### EXERCISE INPUT
::::

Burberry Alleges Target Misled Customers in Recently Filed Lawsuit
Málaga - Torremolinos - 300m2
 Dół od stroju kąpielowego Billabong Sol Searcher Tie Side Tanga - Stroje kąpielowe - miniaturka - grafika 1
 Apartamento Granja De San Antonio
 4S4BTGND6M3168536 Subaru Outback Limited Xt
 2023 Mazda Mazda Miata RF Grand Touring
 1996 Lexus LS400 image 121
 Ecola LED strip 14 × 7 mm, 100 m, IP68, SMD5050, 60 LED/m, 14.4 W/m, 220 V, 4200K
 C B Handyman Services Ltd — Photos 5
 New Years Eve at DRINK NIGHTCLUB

::::

From the listing above, extract all records word for word.

Burberry Alleges Target Misled Customers in Recently Filed Lawsuit
Málaga - Torremolinos - 300m2
 Dół od stroju kąpielowego Billabong Sol Searcher Tie Side Tanga - Stroje kąpielowe - miniaturka - grafika 1
 Apartamento Granja De San Antonio
 4S4BTGND6M3168536 Subaru Outback Limited Xt
 2023 Mazda Mazda Miata RF Grand Touring
 1996 Lexus LS400 image 121
 Ecola LED strip 14 × 7 mm, 100 m, IP68, SMD5050, 60 LED/m, 14.4 W/m, 220 V, 4200K
 C B Handyman Services Ltd — Photos 5
 New Years Eve at DRINK NIGHTCLUB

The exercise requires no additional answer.